20 She opens her hand to the poor,
    and reaches out her hands to the needy.
21 She is not afraid for her household when it snows,
    for all her household are clothed in crimson.
22 She makes herself coverings;
    her clothing is fine linen and purple.
23 Her husband is known in the city gates,
    taking his seat among the elders of the land.
24 She makes linen garments and sells them;
    she supplies the merchant with sashes.
25 Strength and dignity are her clothing,
    and she laughs at the time to come.
26 She opens her mouth with wisdom,
    and the teaching of kindness is on her tongue.
27 She looks well to the ways of her household,
    and does not eat the bread of idleness.
28 Her children rise up and call her happy;
    her husband too, and he praises her:
29 “Many women have done excellently,
    but you surpass them all.”
30 Charm is deceitful, and beauty is vain,
    but a woman who fears the Lord is to be praised.
31 Give her a share in the fruit of her hands,
    and let her works praise her in the city gates.

With the rise of women’s liberation and feminist awareness, a woman’s place in society has undergone profound changes. In the meantime we have been confronted with our traditional male-dominated (patriarchal) values and assumptions, and the way these disregard or denigrate the female perspective and her unique aspirations in life.
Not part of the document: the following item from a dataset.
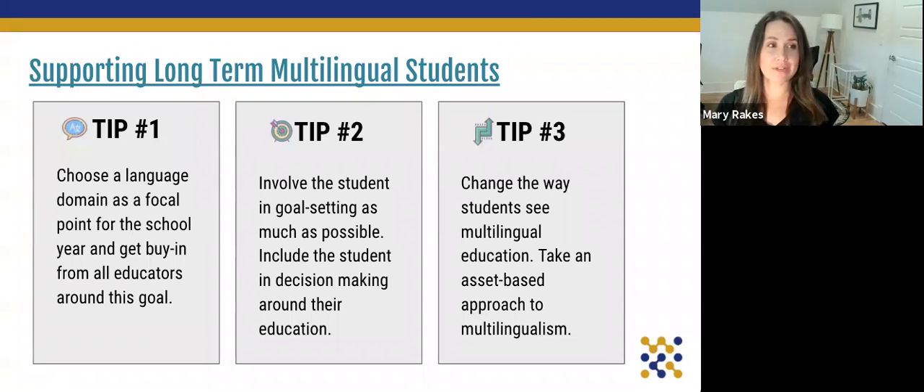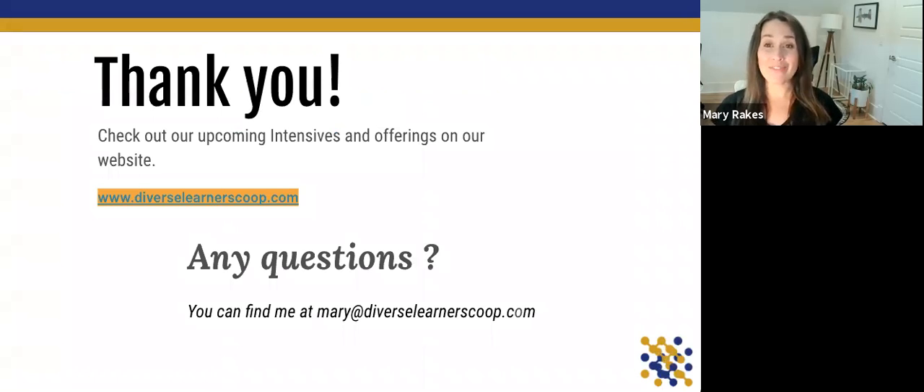So there we have it. In summary, our three tips are: first, choose a language domain as a focal point for the school year and get buy-in from all educators around that goal; second, involve the student in goal-setting and include them in decision making around their education; and third, change the way students see multilingual education by taking an assets-based approach. The title on this slide is linked to several articles and a PDF resource to help you support your long-term multilingual students. Thanks for joining us — you can reach us at mary@diverselearnerscoop.com or check out our website for upcoming intensives.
For the past fifty years especially, women have been finding their places in careers and making contributions that in previous centuries would have been considered not only unbelievable, but even unnatural.

Back in the days of the Bible a woman’s concerns and principal tasks were domestic in nature – keeping a home, raising children, preserving family traditions, and promoting into the next generation time-tested wisdom for  living well. And however “oppressed” we might judge their lives to have been, it was precisely these domestic responsibilities that carried forward – and still carries forward – our core values and sense of the world as a species.

When the write extols the qualities and inner beauty of “a capable wife,” then, we must resist the impulse to accuse him (we presume the author is male) of preaching patriarchal standards. He’s not saying that the only good woman is the one who quietly discharges her duties in the (husband’s) home; it is the glory and importance of her complex responsibilities that he is praising. She is faithful, trustworthy, diligent, strong, compassionate, graceful, wise and multi-skilled. Higher praise is hardly possible!